Sur la base d’une analyse des plaintes et des mauvaises pratiques enregistrées dans le secteur, la CSC décerne depuis plusieurs années un prix “Citron” particulièrement déshonorant aux plus grands cow-boys du secteur du travail intérimaire.

Cette année, le prix “citron” n’est pas attribué à une entreprise spécifique de travail intérimaire, mais bien à Federgon, la fédération patronale des entreprises du secteur du travail intérimaire, qui est “distinguée” pour le mépris qu’elle affiche envers la concertation sociale, alors que les travailleurs intérimaires ont été lourdement pénalisés par la crise du coronavirus. 

Du fait de la crise du coronavirus, des milliers d’intérimaires se sont retrouvés du jour au lendemain sans revenu. L’octroi éventuel du chômage temporaire dépendait du bon vouloir de l’agence de travail intérimaire. Le fait que bon nombre d’intérimaires travaillaient depuis des mois, voire des années, pour la même entreprise n’avait aucune importance.

Parmi ces intérimaires figuraient aussi beaucoup de jeunes et de personnes occupées dans le cadre de contrats journaliers qui n’avaient pas droit aux allocations de chômage ordinaires faute d’avoir suffisamment travaillé pendant la période de référence.  

La concertation en vue d’aboutir à un accord social pour le secteur du travail intérimaire a elle aussi échoué, après plus d’un an de négociations. La CSC est extrêmement déçue et scandalisée par cette situation. 
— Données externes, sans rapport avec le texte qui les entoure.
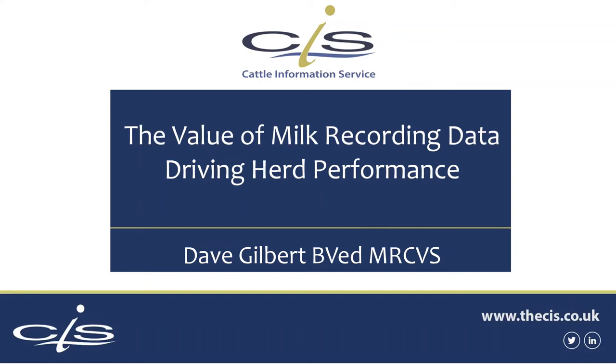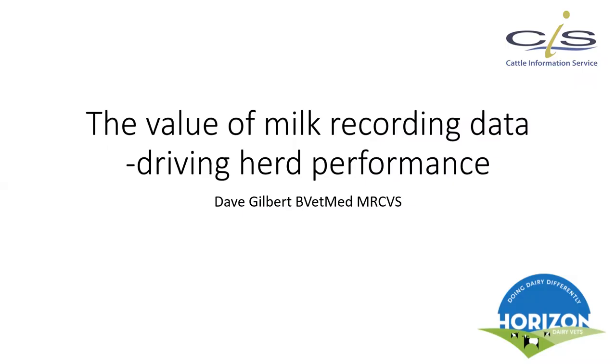Hello everybody. My name is Dave Gilbert. I'm a practicing dairy vet based up in the West Midlands — Shropshire, Staffordshire, Cheshire area. I work with a variety of dairy herds both locally and nationally. We provide consultancy services to some dairies that are further afield, and we also work with a variety of industry sector companies providing technical input and expertise. And in my spare time, I'm also a senior lecturer in farm animal health at Harper Adams University.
Ces six dernières années, seul un accord sectoriel a été conclu. Les travailleurs intérimaires restent ainsi des travailleurs sans défense, des travailleurs que l’on jette comme des Kleenex. Cette situation est révoltante et symptomatique pour l’ensemble du secteur.  

On peut espérer que ces entreprises qui n’ont de cesse de parler de leur rôle social comme intermédiaires dans la recherche d’un emploi et d’entrepreneuriat durable, prendront leurs responsabilités et ne voudront pas être complices de telles pratiques.

Nous espérons que les meilleurs élèves de la fédération patronale feront enfin entendre leur voix et montreront l’exemple, et que le secteur ne restera pas sourd et aveugle aux propositions syndicales concernant le recours abusif aux contrats journaliers, le système de chômage temporaire clair et doté d’un cadre légal, etc.